> _Material supplied_
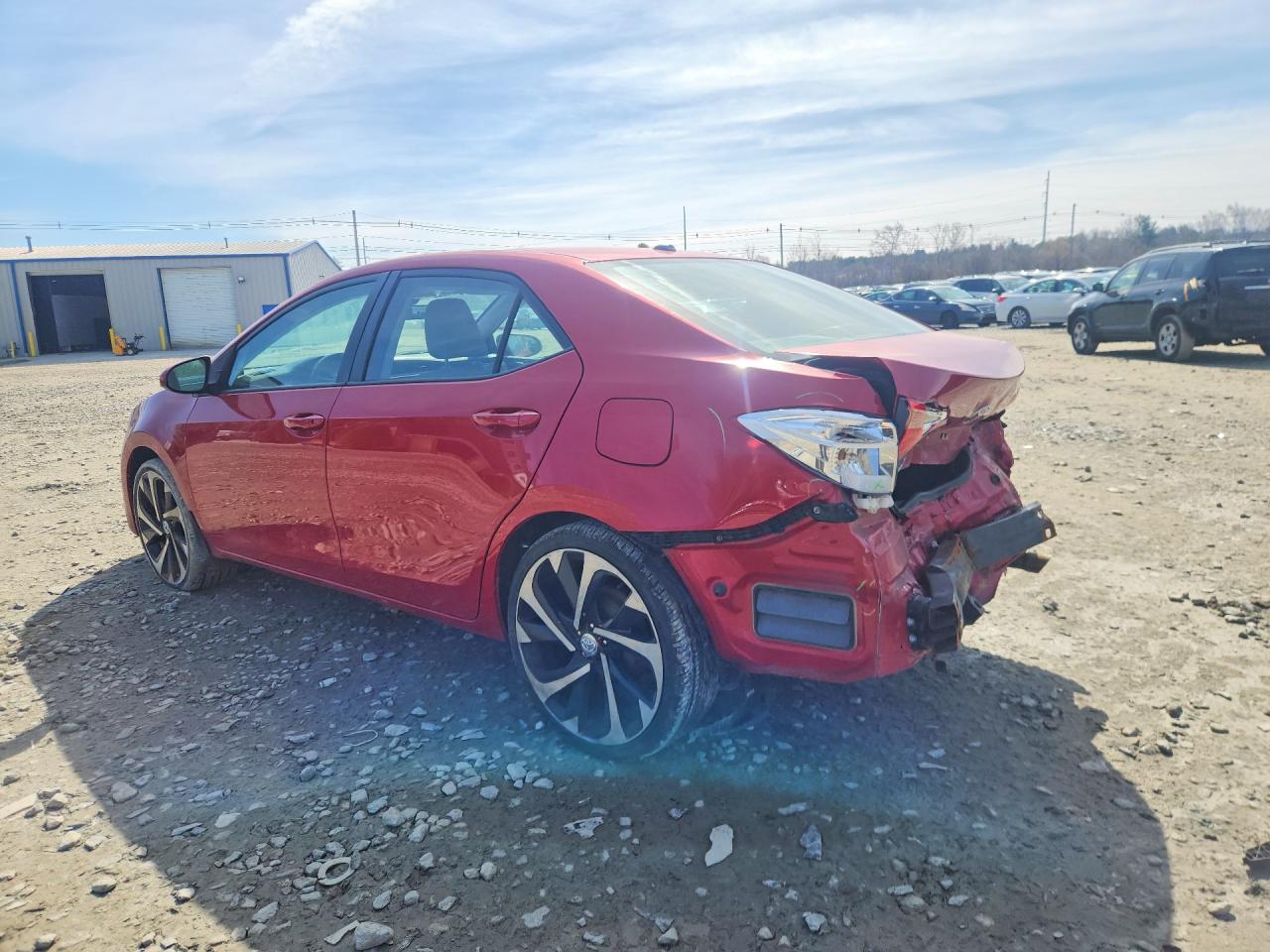 2017 Toyota Corolla Le Red vin: 2T1BURHEXHC895774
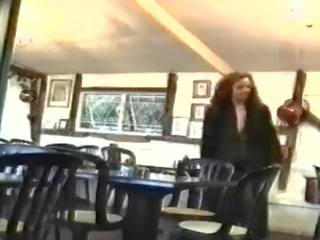 Hot rumaja flashing and naked in publik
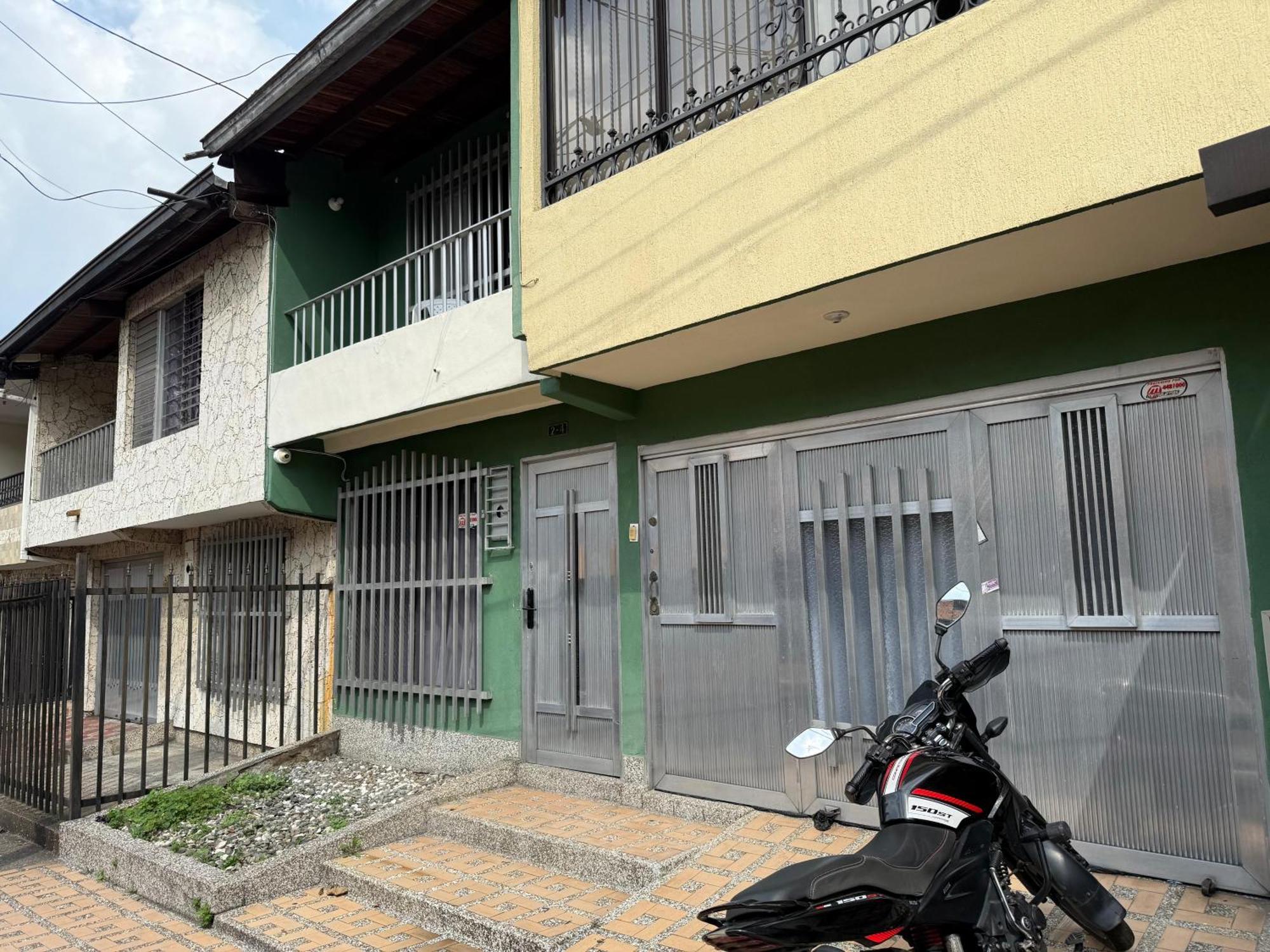 Road Living Home Medellin Exterior photo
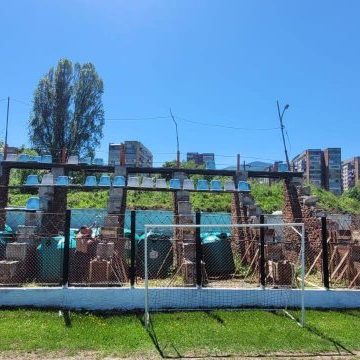 706690669_26891310093811682_5875535204490408858_n Reparații la tribuna a doua a stadionului „Minerul” din Lupeni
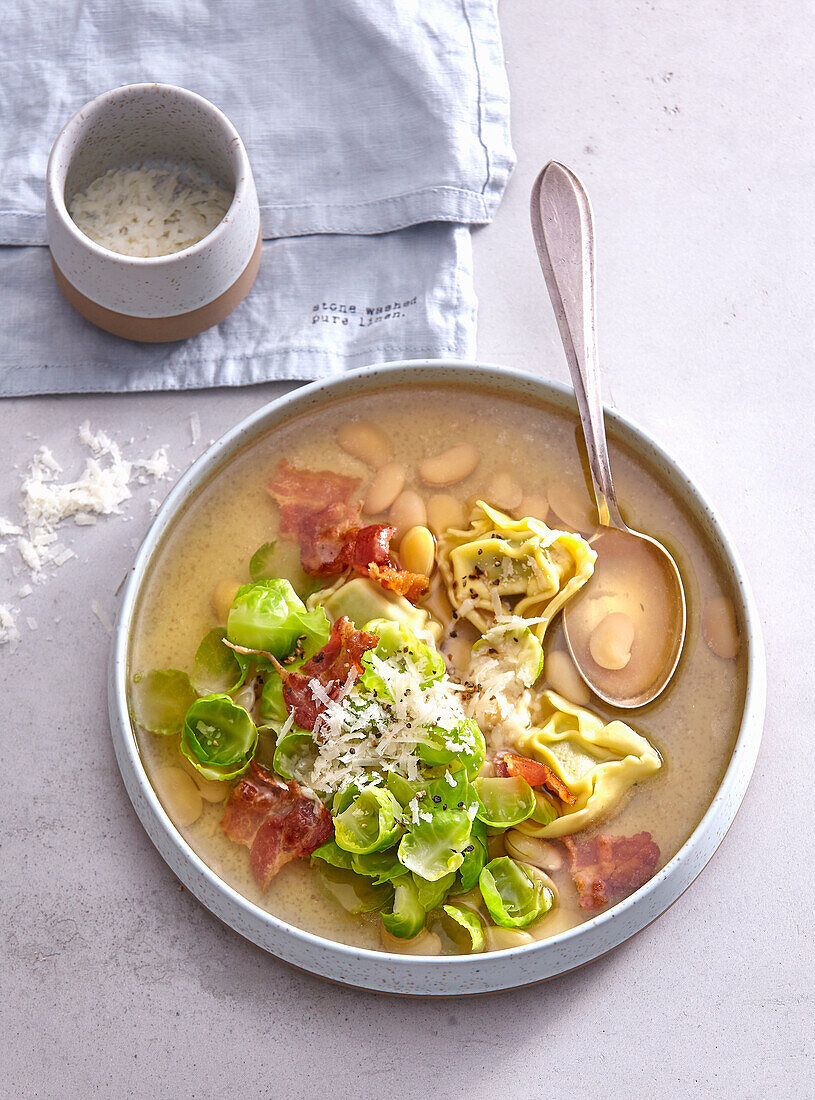 Consomme mit Tortellini, Cannellini, Speck und Rosenkohl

> _Work task_
Exactly the lines from the line with "Hot rumaja flashing and naked in publik" through the last line of the listing, both included, should be extracted, and the pictures left behind.

> _Task output_
 Hot rumaja flashing and naked in publik
 Road Living Home Medellin Exterior photo
 706690669_26891310093811682_5875535204490408858_n Reparații la tribuna a doua a stadionului „Minerul” din Lupeni
 Consomme mit Tortellini, Cannellini, Speck und Rosenkohl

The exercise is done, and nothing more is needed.